Yarım kalan hayatını ‘tam olarak ne öğretmenim, ne ressamım, ne sanatçıyım’ diye tanımlayan Adem Korkut ile Wageningen kampında görüştük. Babasının şikayeti karşısındaki şaşkınlığı, cezaevi günlerini, hicrete yelken açtığı süreci ve geleceğe dair planlarını Tr724’e anlattı.
‘ŞİKAYETÇİ BABAM OLUNCA HAKİM GEREĞİNİ YAPTI’

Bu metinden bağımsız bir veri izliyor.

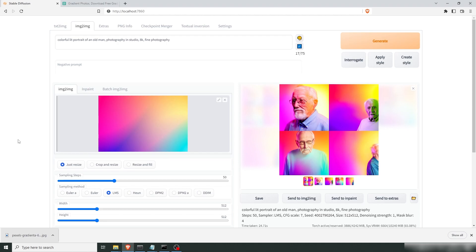So yeah that was just a quick tip of how you can color grade your images in Stable Diffusion. A gradient as an input for your creations. Good luck. Bye bye.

Hapis cezası almasına babasının ihbarının sebep olduğunu belirtiyor Adem Korkut. ’’Şikayet eden babam olduğu içinde görevlilere çok fazla şikayet etme hakkınız da olmuyor mahkemede. Çünkü onların beyanı daha ağır basıyor. Babam şikayet edince de hakim gereğini yaptı.” diyor. 15 Temmuz darbe girişiminin ardından fitnenin evlere kadar sirayet ettiğine işaret ediyor: “Hatta birçok eş-dost-akraba birbirleri ile bazı tatsızlıklar yaşadı. Bizim aile ile yaşanan sıkıntı 15 Temmuz öncesine 17/25 Aralık’a dayanıyor. Bu arada evde gerilim arttı. En sonunda 15 Temmuz kırılma oldu. Ben aileme böyle darbe olamaz. Buna inanmayın. 15 Temmuz bahane edilerek bir takım olaylar planlanıyor dedim. Babam ise yok olmaz siz şöyle böyle derken, iş en sonunda şikayet etmeye kadar geldi. 15 Temmuz günü babamla tartışmam sert oldu. Bu süreçte ben evi terk ettim. Bu durum babamın zoruna gitmiş olacak ki beni şikayet etmiş. Sonrasında beni telefon ile arayarak, ‘Seni şikayet ettim. Git polise ifadeni ver’ dedi. Bir arkadaşımın yanında kalıyordum. Sonra ona da benden zarar gelmesin diye dedemin yanına köye gittim. Benim dosyam Karabük’ten açılmıştı. Dedemin evinden gelip beni aldılar.”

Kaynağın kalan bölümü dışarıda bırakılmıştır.